- Data shown -
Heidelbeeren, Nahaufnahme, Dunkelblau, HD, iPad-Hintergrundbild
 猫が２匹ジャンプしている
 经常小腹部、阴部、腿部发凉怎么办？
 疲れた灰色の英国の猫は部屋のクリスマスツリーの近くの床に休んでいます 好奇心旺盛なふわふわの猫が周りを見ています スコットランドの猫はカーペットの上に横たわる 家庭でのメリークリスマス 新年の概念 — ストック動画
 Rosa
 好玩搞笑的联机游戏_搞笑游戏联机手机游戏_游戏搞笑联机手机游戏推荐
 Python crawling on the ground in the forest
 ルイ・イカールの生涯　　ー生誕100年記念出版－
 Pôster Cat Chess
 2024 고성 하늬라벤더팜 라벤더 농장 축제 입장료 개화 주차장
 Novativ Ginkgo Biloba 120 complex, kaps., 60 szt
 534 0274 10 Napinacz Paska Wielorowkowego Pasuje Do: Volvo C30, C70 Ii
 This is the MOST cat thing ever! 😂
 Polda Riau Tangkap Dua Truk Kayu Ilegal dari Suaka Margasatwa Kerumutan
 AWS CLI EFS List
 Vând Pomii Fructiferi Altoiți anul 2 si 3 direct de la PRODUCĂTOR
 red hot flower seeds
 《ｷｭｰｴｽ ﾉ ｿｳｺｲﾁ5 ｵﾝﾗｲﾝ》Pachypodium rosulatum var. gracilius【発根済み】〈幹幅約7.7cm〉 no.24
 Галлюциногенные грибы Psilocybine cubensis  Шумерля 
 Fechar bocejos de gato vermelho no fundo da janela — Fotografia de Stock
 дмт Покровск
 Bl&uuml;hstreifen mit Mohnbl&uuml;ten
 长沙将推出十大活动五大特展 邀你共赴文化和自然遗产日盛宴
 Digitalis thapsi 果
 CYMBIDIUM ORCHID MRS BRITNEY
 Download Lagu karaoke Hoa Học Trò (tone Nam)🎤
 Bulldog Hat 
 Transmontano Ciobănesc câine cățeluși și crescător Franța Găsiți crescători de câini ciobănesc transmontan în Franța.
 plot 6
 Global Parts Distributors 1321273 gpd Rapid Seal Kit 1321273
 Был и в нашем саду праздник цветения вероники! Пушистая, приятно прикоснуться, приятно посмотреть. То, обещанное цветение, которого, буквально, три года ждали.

- What is required -
Only the lines above from the one with "新年の概念 — ストック動画" up to and including the one with "Novativ Ginkgo Biloba" should be repeated, exactly as written.

- Answer box -
 疲れた灰色の英国の猫は部屋のクリスマスツリーの近くの床に休んでいます 好奇心旺盛なふわふわの猫が周りを見ています スコットランドの猫はカーペットの上に横たわる 家庭でのメリークリスマス 新年の概念 — ストック動画
 Rosa
 好玩搞笑的联机游戏_搞笑游戏联机手机游戏_游戏搞笑联机手机游戏推荐
 Python crawling on the ground in the forest
 ルイ・イカールの生涯　　ー生誕100年記念出版－
 Pôster Cat Chess
 2024 고성 하늬라벤더팜 라벤더 농장 축제 입장료 개화 주차장
 Novativ Ginkgo Biloba 120 complex, kaps., 60 szt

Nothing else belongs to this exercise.